(Short web captions)
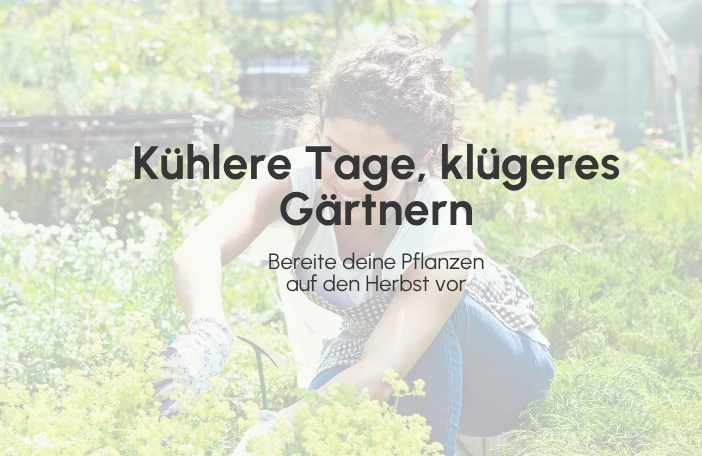 Banner Title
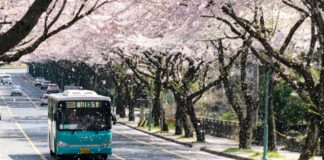 Korean Prosecutors Seek Jail for Civil Servant Who Gambled Away $408K in State Funds South Korea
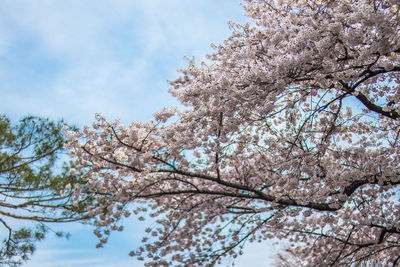 Low angle view of cherry blossoms against sky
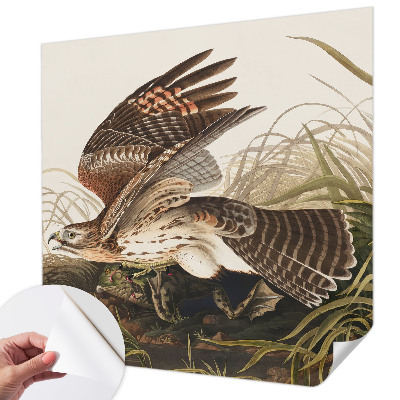 84D-Fototapete fürs Wohnzimmer Geflügelte Schönheit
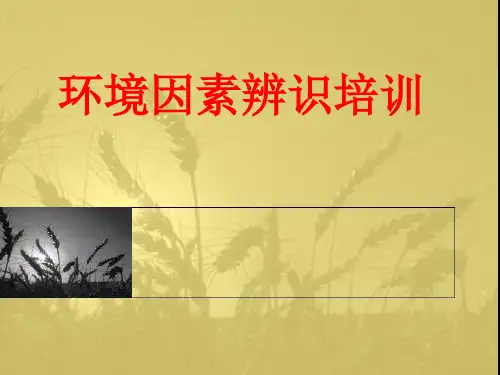 环境因素危险源辨识培训课件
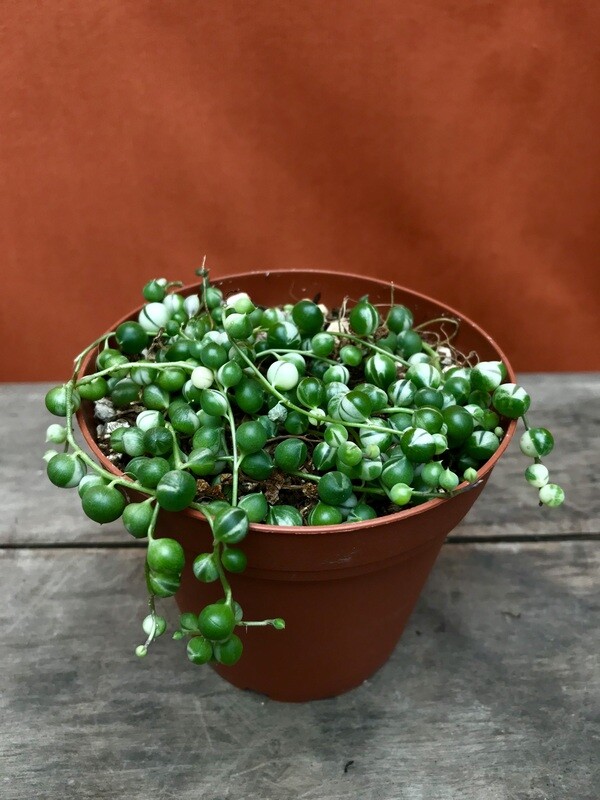 String of Pearls, Senecio rowleyanus variegata 4&quot;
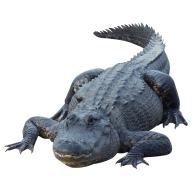 Crocodile  Png for Web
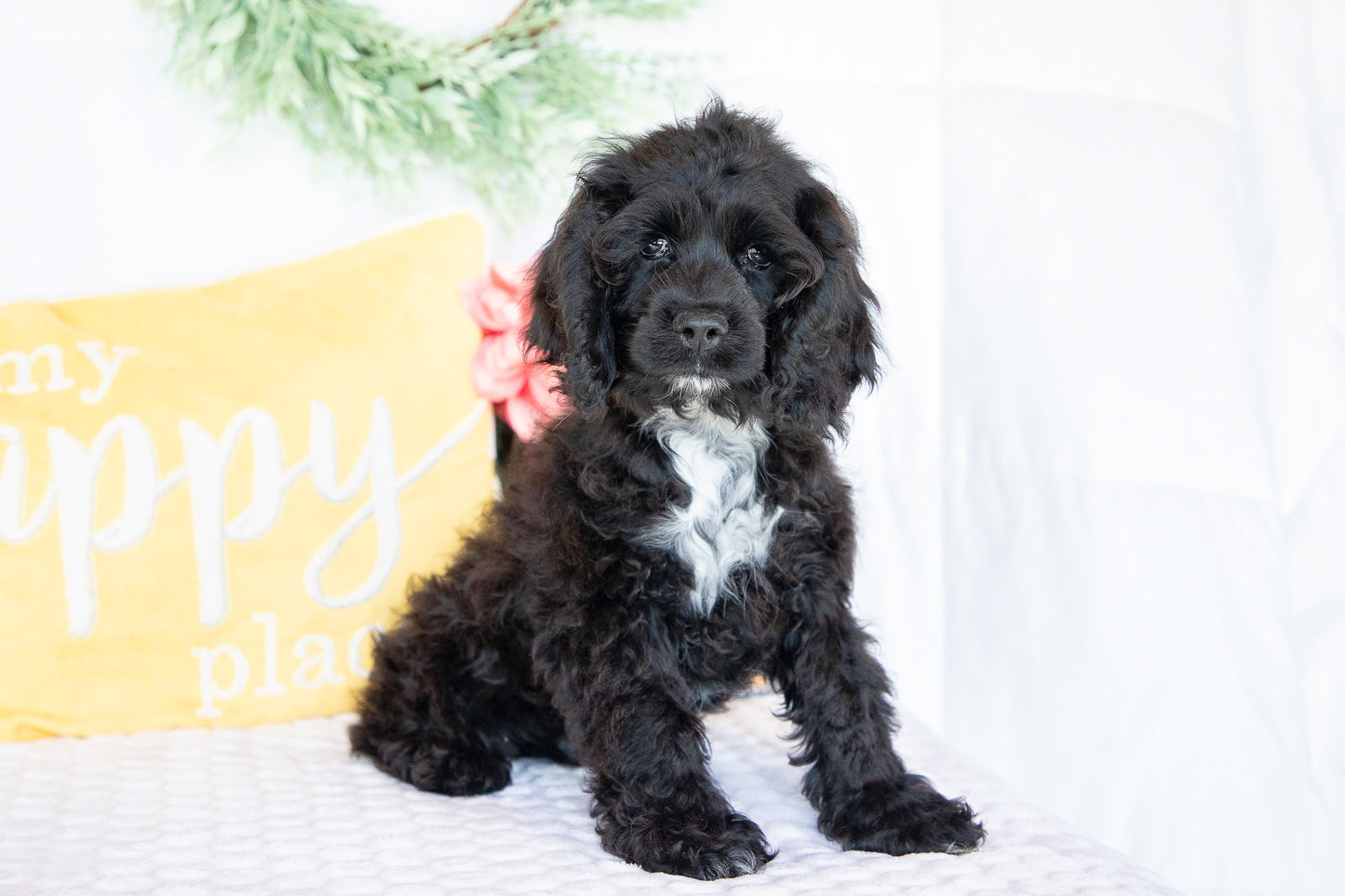 Ozzy-Cocker Spaniel Male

▸ **TASK OBJECTIVE**: Repeat all of the entries word for word, but omit the pictures.

▸ **TASK OUTPUT**:
 Banner Title
 Korean Prosecutors Seek Jail for Civil Servant Who Gambled Away $408K in State Funds South Korea
 Low angle view of cherry blossoms against sky
 84D-Fototapete fürs Wohnzimmer Geflügelte Schönheit
 环境因素危险源辨识培训课件
 String of Pearls, Senecio rowleyanus variegata 4&quot;
 Crocodile  Png for Web
 Ozzy-Cocker Spaniel Male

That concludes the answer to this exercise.